Task objective
Print exactly the lines from the one that contains "Nahaufnahme von Badspiegelschrank" through the final line of the entries below, both included, and nothing else; omit the pictures.

(Beginning of Data supplied)

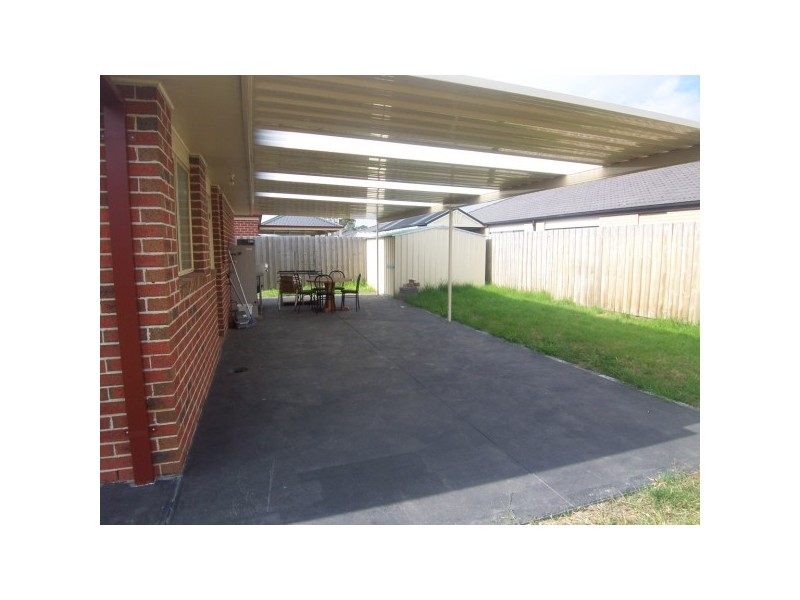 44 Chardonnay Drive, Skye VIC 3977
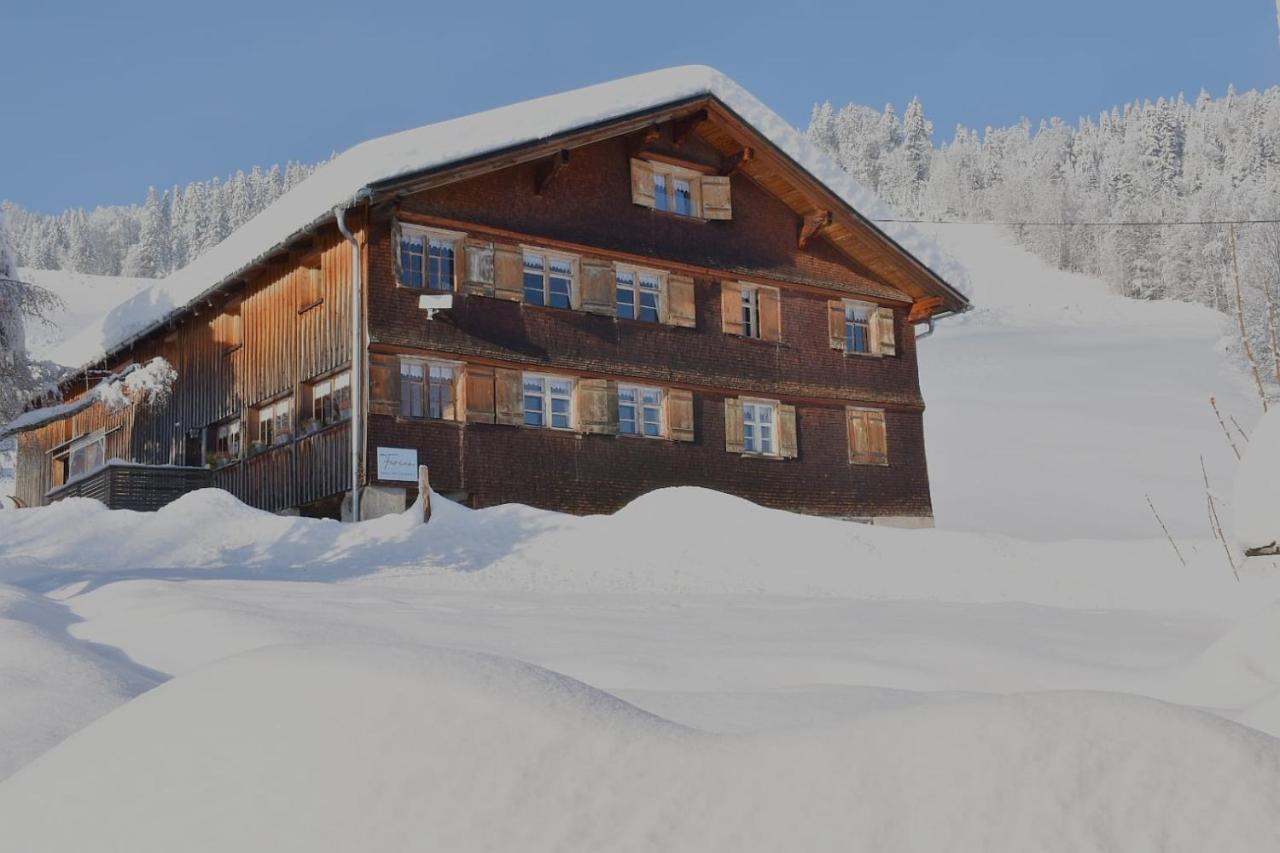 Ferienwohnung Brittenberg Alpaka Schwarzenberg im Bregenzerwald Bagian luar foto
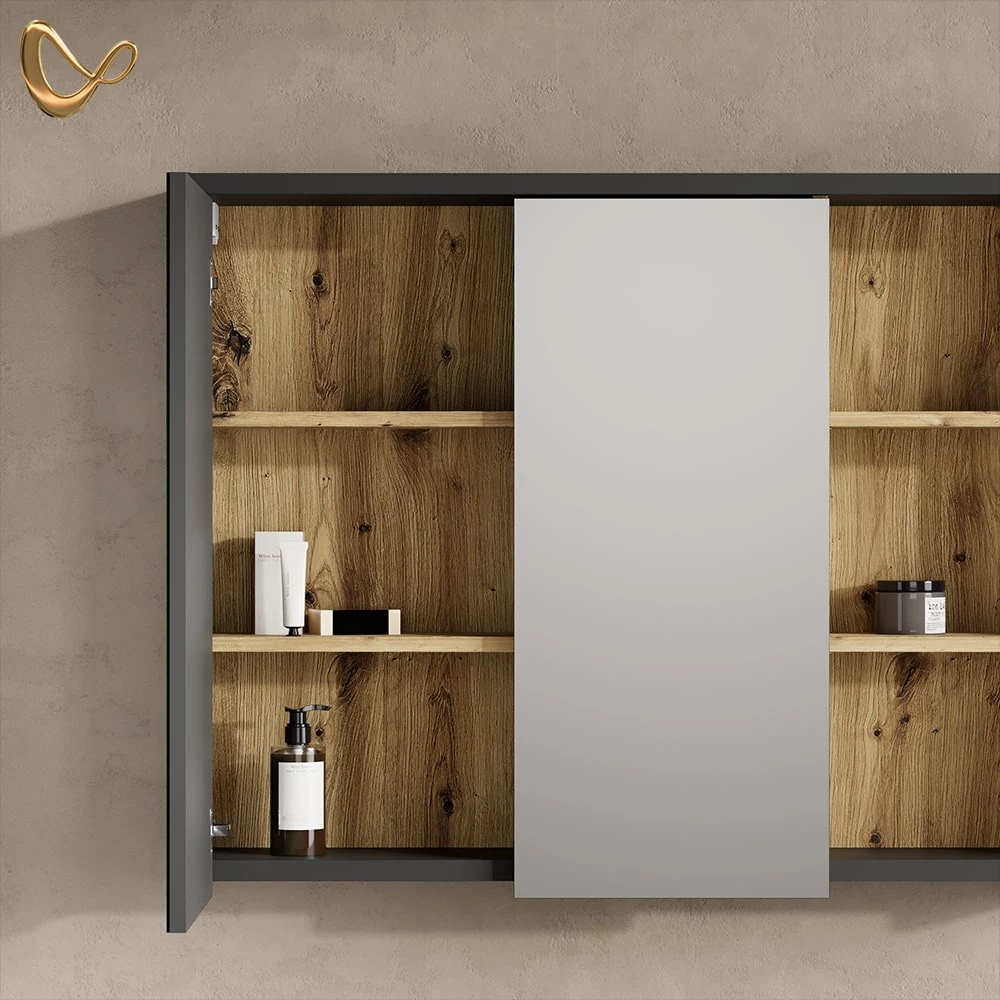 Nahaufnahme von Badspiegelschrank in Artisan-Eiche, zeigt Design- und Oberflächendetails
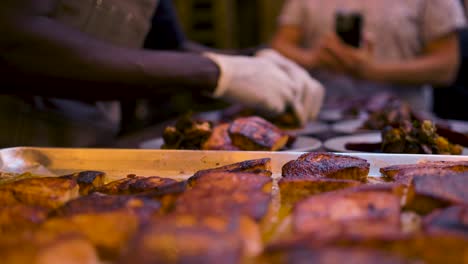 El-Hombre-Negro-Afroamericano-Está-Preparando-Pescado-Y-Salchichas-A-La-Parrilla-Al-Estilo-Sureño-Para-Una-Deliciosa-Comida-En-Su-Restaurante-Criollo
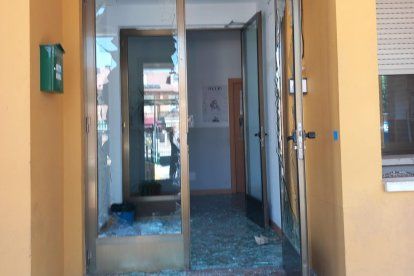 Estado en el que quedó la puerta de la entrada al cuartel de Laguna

(End of Data supplied)

Result of this task
 Nahaufnahme von Badspiegelschrank in Artisan-Eiche, zeigt Design- und Oberflächendetails
 El-Hombre-Negro-Afroamericano-Está-Preparando-Pescado-Y-Salchichas-A-La-Parrilla-Al-Estilo-Sureño-Para-Una-Deliciosa-Comida-En-Su-Restaurante-Criollo
 Estado en el que quedó la puerta de la entrada al cuartel de Laguna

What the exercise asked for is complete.